In 1930, Alwin Berger, who worked within the Engler system of plant taxonomy, recombined a number of the new species created by Britton and Rose into Echeveria, creating the combination Echeveria linearis.

== Distribution and habitat ==
Dudleya linearis is endemic to West San Benito Island, the largest of the San Benito Islands, an archipelago west of Cedros Island. It is somewhat scarce, and is found on canyon walls and slopes on the north side of the island. The plant is not present on the eastern or middle islands.

== Conservation ==
West San Benito is home to a small community of fishermen, up to 70 seasonally, who live in a settlement on the east side of the island.

When botanist Reid Moran visited the island in 1948, he was only able to find a few living plants and large numbers of dead ones, with only 3 flowering plants that year. Donkeys had been introduced to West San Benito as pack animals, and brought D. linearis close to extinction. Small groups of feral donkeys were still seen on the island from 1975–1992. The donkey population is now corralled and fed imported food, posing little threat to the Dudleya.
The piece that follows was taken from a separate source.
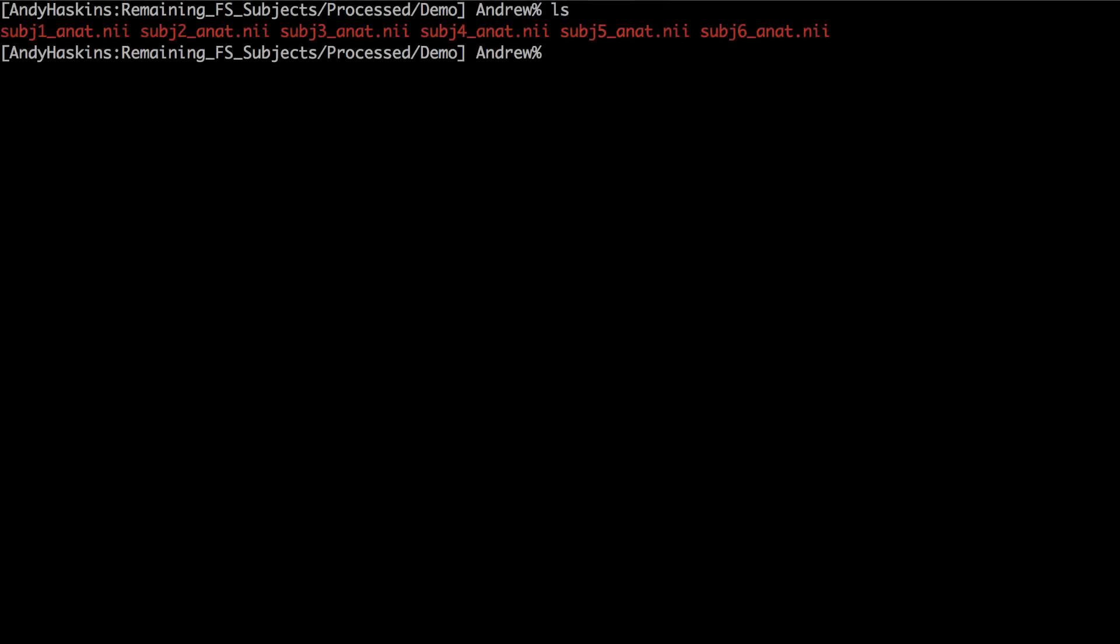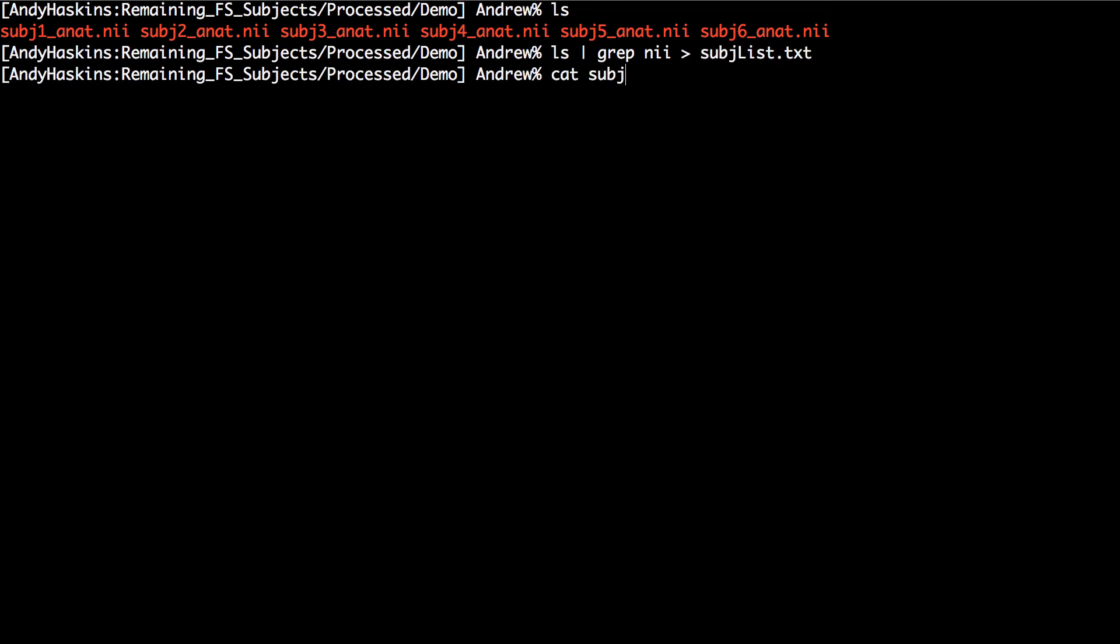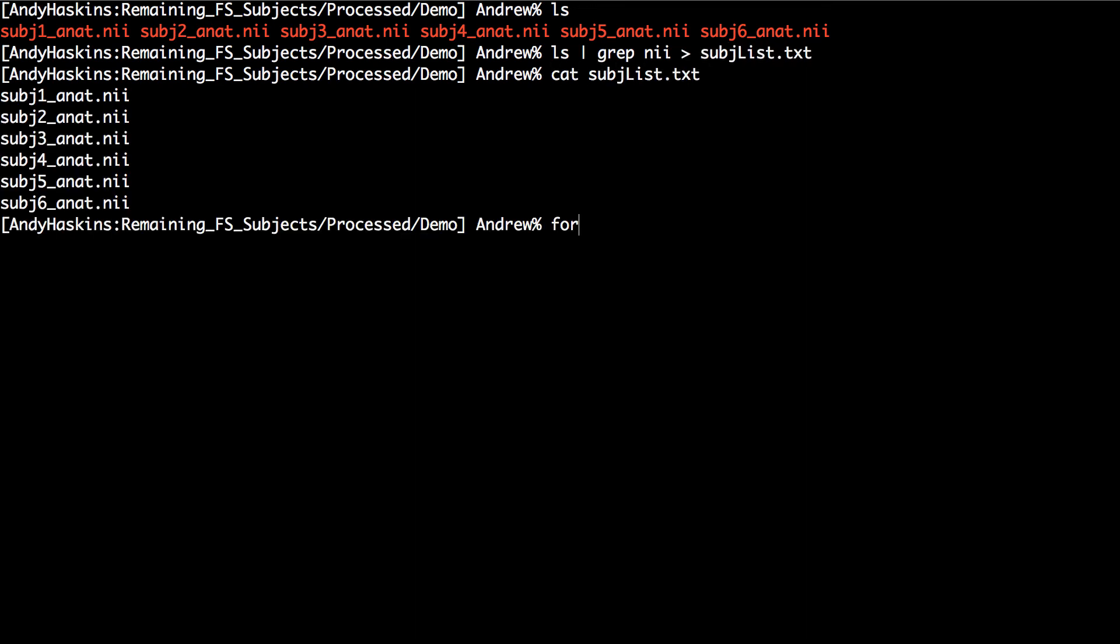To automate this, create a list of your subjects. For example, by typing the following piece of code using grep and put them into the file subject list dot txt. You can use this for loops later.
In 1990s, rabbits and goats were brought to island, possibly by the lighthouse keeper or fishermen. The rabbits devastated the population of D. linearis, nearly to the point of extirpation. In 1998, conservation groups and the Mexican government started a program to remove rabbits and goats from the island. A hunter with his Jack Russell Terrier named "Freckles" was hired to eliminate the rabbits. Over 400 rabbits were hunted or trapped over a 7 month period. The elimination of the rabbits and goats, along with an El Niño year, led to the rebound of the D. linearis population.